Od czasu wybuchu wojny w Ukrainie zauważono większy ruch w punktach paszportowych na Warmii i Mazurach. Na sytuację składa się jednak wiele czynników. W Urzędzie Wojewódzkim w Olsztynie obecnie przyjmuje się nawet do 800 wniosków dziennie.
Problem z uzyskaniem paszportu trwa już od dwóch tygodni. Chętnych jest tak wielu, że urzędnicy są zmuszeni odmawiać obsługi. W zeszłym roku w różnych punktach naszego województwa przyjmowano ok. 200 wniosków dziennie. Dziś ta liczba w samym Olsztynie sięga od 200 do 300. Łącznie z innymi punktami, Urząd Wojewódzki musi obsłużyć nawet do 800 petentów.
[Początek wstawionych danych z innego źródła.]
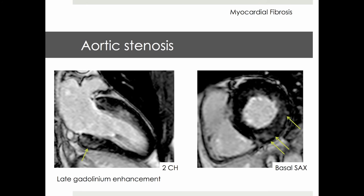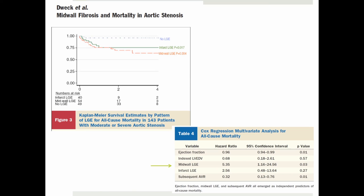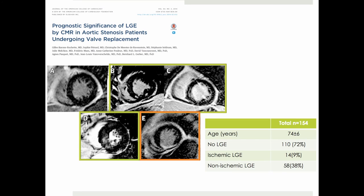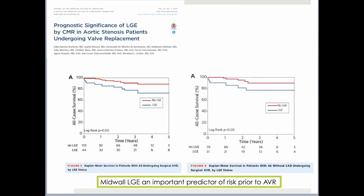In severe aortic stenosis, the predominant pattern of late gadolinium enhancement is non-ischemic, visualized as intramyocardial or mid-wall late gadolinium enhancement with predilection site to basal segments. As shown in this observational study of patients with severe aortic stenosis, this finding is important as it is predictive of all-cause mortality, together with reduced ejection fraction and subsequent aortic valve replacement surgery. This finding was reproduced in a later study in patients undergoing valve replacement, showing that the presence of late gadolinium enhancement, and non-ischemic type in particular, was predictive of a poorer post-operative outcome, identifying mid-wall late gadolinium enhancement as an important stratifier of patients undergoing aortic valve replacement.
- To jest na granicy naszej wydolności w obsłudze klienta – twierdzi Maria Rochowicz, dyrektor Wydziału Spraw Obywatelskich i Cudzoziemców. (TVP3 Olsztyn)
Gorący apel urzędników
Punkty paszportowe zanotowały sporą grupę interesantów z innych województw. W samym Elblągu aż 80% złożonych wniosków pochodzi od mieszkańców spoza regionu. W niektórych urzędach na uzyskanie paszportu trzeba czekać nawet do 3 miesięcy. Początkowo mogło się wydawać, że obsługa w Olsztynie będzie znacznie szybsza, lecz duże zainteresowanie spowodowało większe kolejki.
– Mamy apel do osób, które nie potrzebują paszportu „na już”, aby wstrzymały się do spokojniejszego okresu, bo teraz bardzo ciężko i intensywnie pracujemy, ale nie jesteśmy w stanie obsłużyć wszystkich klientów, którzy do nas się zgłaszają – dodaje Maria Rochowicz. (TVP3 Olsztyn)
Polacy szykują się na wakacje?
Zwiększone zainteresowanie paszportami obecnie nie przekłada się na większą ilość zapytań w olsztyńskich biurach podróży. Mateusz Jastrzębski z jednej z olsztyńskich firm turystycznych twierdzi, że: „Szalejący kurs euro i inflacja spowodują, że te wakacje będą droższe. To jednak nie znaczy, że nie można świadomie znaleźć kierunków, które spełnią nasze oczekiwania”. (TVP3 Olsztyn)
Sytuacja panująca za wschodnią granicą Polski i związany z tym kryzys ekonomiczny sprawia, że Polacy chcą się odpowiednio zabezpieczyć. W przypadku planowania wakacji należy się jednak nastawić na koszt nawet do tysiąca złotych większy za rodzinę.